Alex Carter has worked hard to build her career, and she has her dream two-story home to prove it. All of a sudden, it looks like it might come crashing down: her company is facing a massive restructuring and her job might be on the line, and she and her boyfriend finally decide to call it quits. She’s thirty-five years old and is starting to hear the ticking of her biological clock, so it’s not an ideal situation for her. While friends and family are pressuring her to get a man and settle down, she’s getting desperate enough to toy with the idea of getting a sperm donor.
Then she runs into her old flame, Nathan. She can’t deny that the chemistry is still there, but because of the way their relationship ended, she can’t fully trust him even though he seems to have matured into a thoughtful adult. As a control freak, Alex always has it in the back of her mind that she can do everything herself. She likes the idea of settling down, but when it comes to actually handing over the reigns and letting someone else take care of her for a while, she can’t bring herself to fully make that leap.
As someone who has always loved the promise contained in a pen and a blank sheet of paper and whose doodles to this day regularly consist of experimenting with my signature, I was immediately drawn to Kitty Burns Florey’s Script and Scribble. Florey went to school under the strict gaze of nuns, and her handwriting reflects that. It’s the complete opposite of current times, where children are taught how to write, of course, but are no longer taught to truly master handwriting. These days, typing skills reign supreme, and beautiful handwriting is becoming a lost art.

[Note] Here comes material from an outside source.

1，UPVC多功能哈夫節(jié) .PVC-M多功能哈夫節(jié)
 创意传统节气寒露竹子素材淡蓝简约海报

Script and Scribble is a short book — less than 200 pages — that takes readers through a brief history of writing. As people’s needs changed, so did the prevailing handwriting of the time. Burns Florey focuses quite a bit on Spencerian script, which dominated the late nineteenth and early twentieth centuries as the standard style for business and official documents (and which is still used in the Ford and Coca Cola logos). Spencerian script, though beautiful was eventually fazed out in favor of the less flowery Palmer Method, which was dominated US schools until around the 1950s. (Side note: I always wondered why my grandparents and others of their generation had similar handwriting styles. And there you have it…the Palmer Method.) Many other methods have come and gone since then, and these days there isn’t really a standard. Children in primary schools are probably learning from a mix of different styles, and those styles are all fairly similar. Burns Florey argues that children and teachers are so bogged down by things like standardized testing, handwriting is the least of their concerns. When she was younger, good handwriting was always stressed. These days, once children get the grasp of it, that’s it — it’s not something teachers continue to instruct their students on.